* _Available data_:

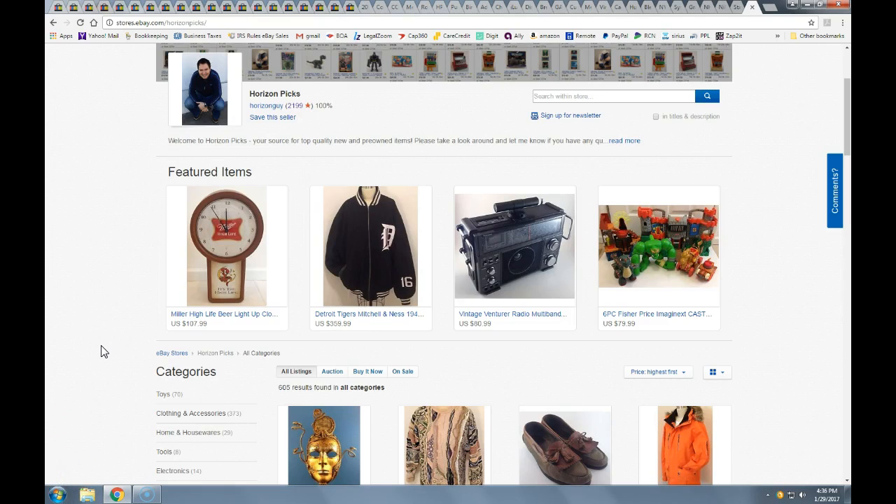I also wanted to mention that all these are mostly fixed price 30-day make-offer listings. A lot of them do offer free shipping. I've been getting into a lot more clothing as of late and I do offer free shipping on a lot of the clothing to remain competitive with Amazon, as most clothing places seem to offer free shipping.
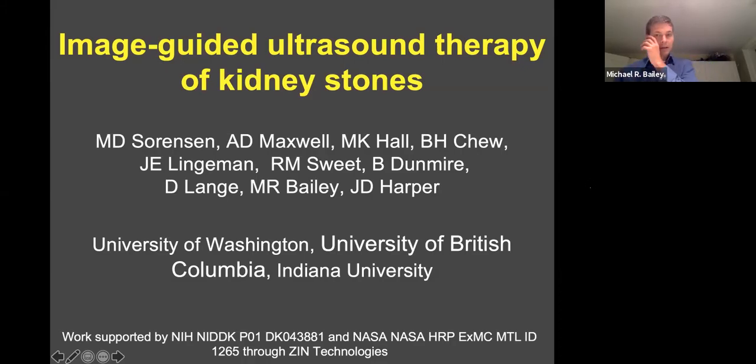Hi, I'm Mike Bailey, and I'm happy to represent our team. We are working on image-guided therapy for kidney stones.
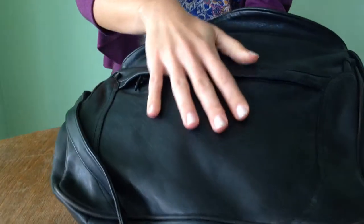Hi guys, it's Dobby from Blast from the Past Bags on Etsy. I'm coming today with another bag that I have in my store, listed a while back. It's a purse that's very comfortable for everyday usage. This is what it looks like — it's a jet black genuine leather purse.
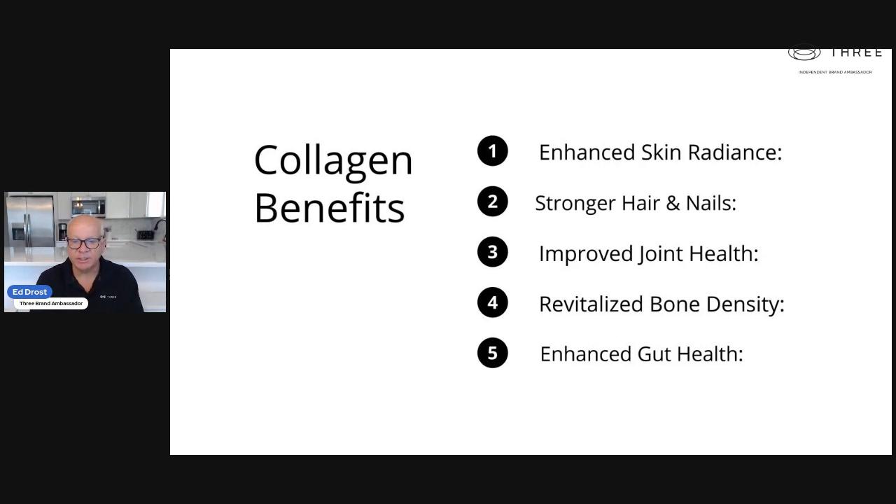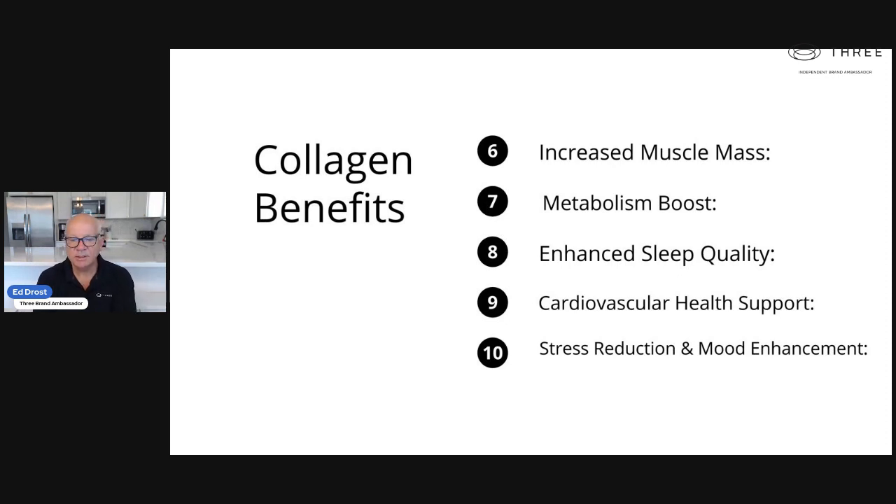You have enhanced skin radiance, stronger hair and nails, improved joint health. You revitalize bone density, enhance gut health — which is extremely important. Since I've been involved with 3 and learning about the importance of gut health, it's extremely important to our immune system and our overall health. Increase muscle mass. It helps boost your metabolism, so you might get some weight loss benefits. It enhances your sleep quality — we all need that. Cardiovascular health support and also stress reduction and mood enhancement.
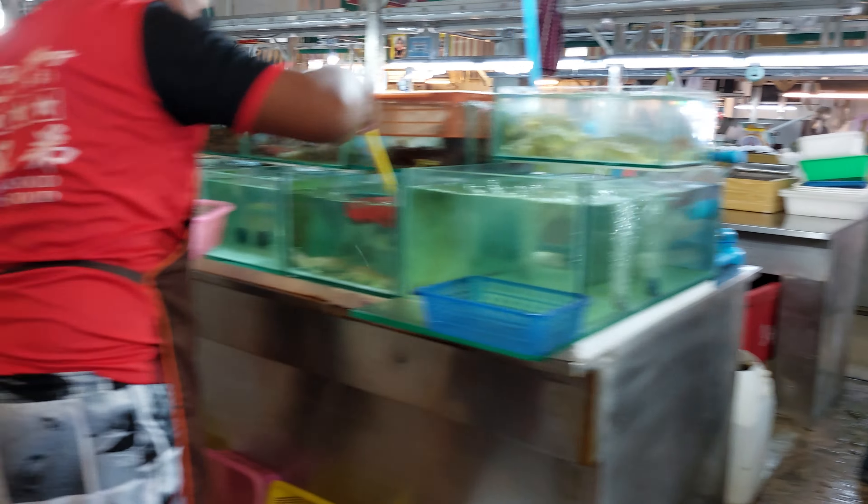Down here is all the seafood and meats — fresh, live, everything. And then on this side is all the vegetables, fruit, fresh fruits. Then you buy your food and go up here to the restaurant over there. Just tell them how you want it cooked — they wait for you right here and cook for you.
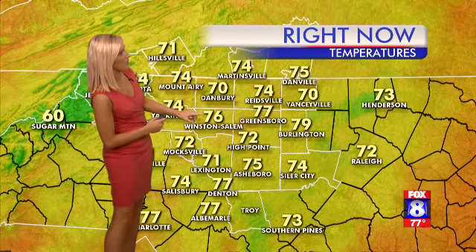As far as temperatures are concerned, 76 in Winston, 72 in High Point along with Mocksville — everybody in a good mix of the 70s right now, but our high for today is 84. It's going to turn into a very warm and humid day this afternoon. As you woke up, you probably saw some clouds, and that's pretty much what it's going to be like, although later this afternoon the sun could make an appearance. Light winds out of the west at about three to seven miles per hour. I'll break down your seven-day forecast coming up.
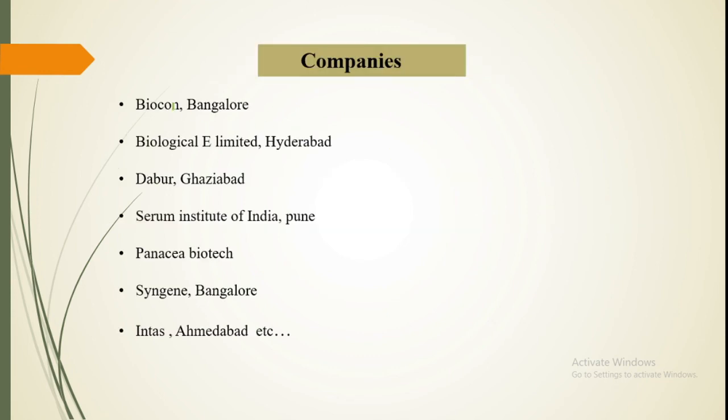There are many renowned companies offering this training. Some good companies include BioCan, Biological Aid, Darber, Serum Institute, Panacea, Syngene, and Intas, among many others. If you get placed in these companies, that would be great. There are other companies as well.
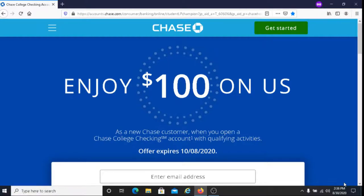If you're a college student looking to make some extra money, one option is to open up a Chase College checking account. In order to be eligible to receive the $100 bonus from doing this, you must fulfill some requirements.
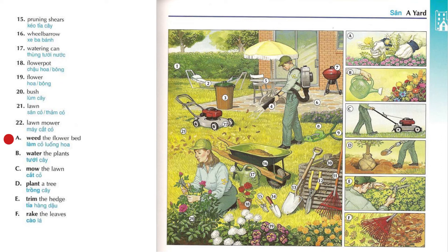Weed the flowerbed. Water the plants. Mow the lawn.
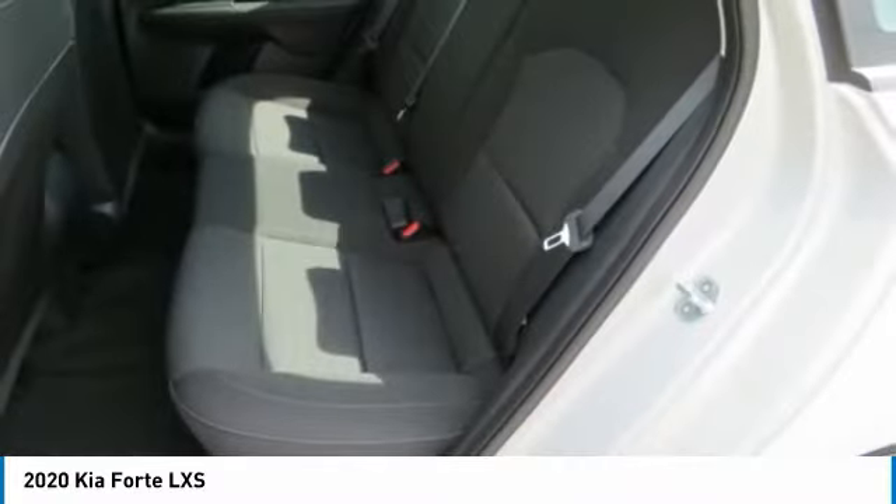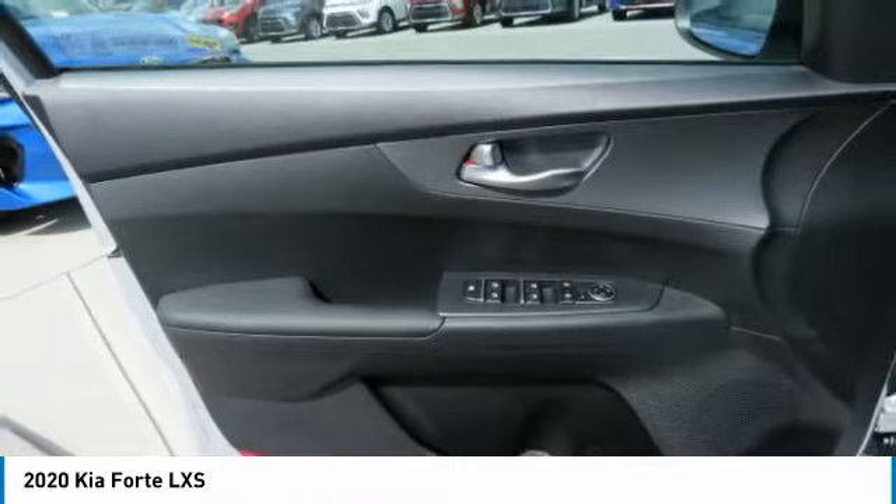This vehicle offers reliability and good looks at a great price. So come in and take a test drive today.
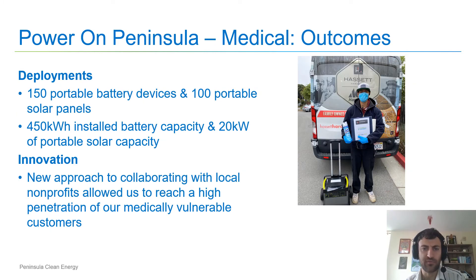Here are the outcomes of the Power on Peninsula Medical Program. We deployed 150 portable battery devices and 100 portable solar panels. This results in 450 kilowatt hours of deployed battery capacity and 20 kilowatts of portable solar capacity. In addition, we drove new innovation by developing a new approach to collaborating with local nonprofits, allowing us to reach a very high percentage of our medically vulnerable customers.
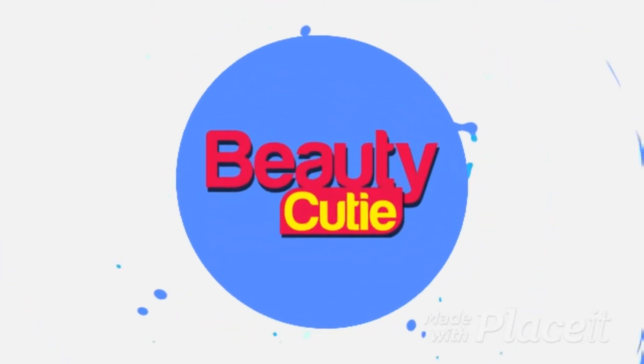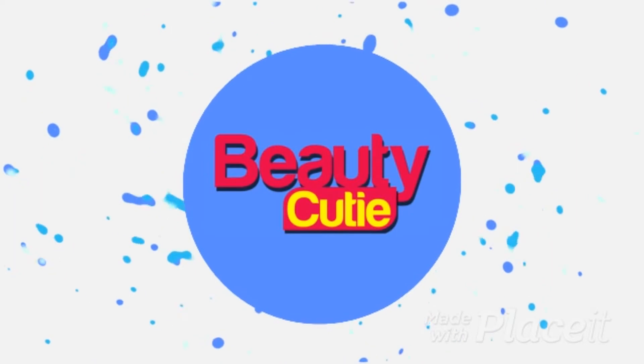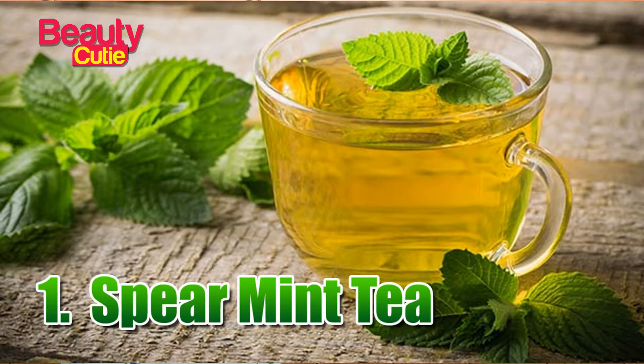If you want to subscribe to my channel, please do subscribe to my channel. If you want to share the video, please share the video. The first drink is Spearmint Tea.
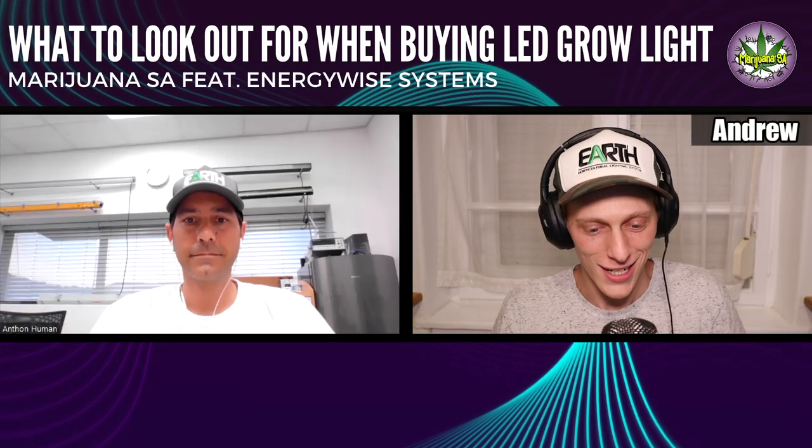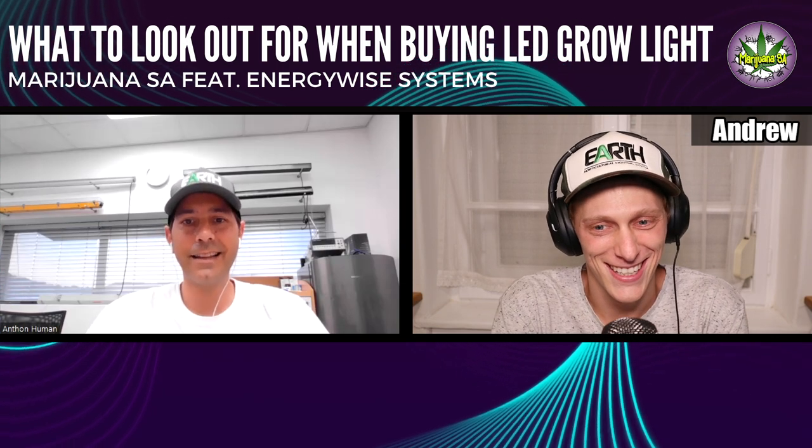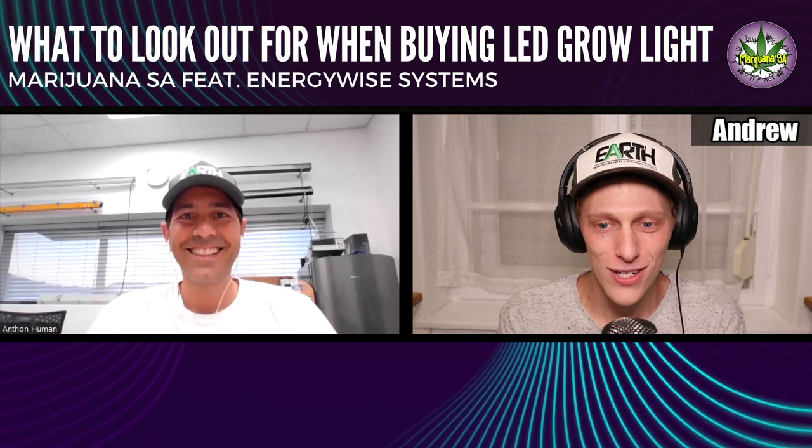Hey Anton, thanks so much for joining us today to share some of your knowledge. How are you? Thanks, Andy — it's great to be back. Anytime. Yeah, let's jump straight in.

* _Requirement_:
Set down, word for word, the line that holds "If you want to subscribe" and all lines after it to the end of the entries above, but not the pictures.

* _Solution for this problem_:
If you want to subscribe to my channel, please do subscribe to my channel. If you want to share the video, please share the video. The first drink is Spearmint Tea.
Hey Anton, thanks so much for joining us today to share some of your knowledge. How are you? Thanks, Andy — it's great to be back. Anytime. Yeah, let's jump straight in.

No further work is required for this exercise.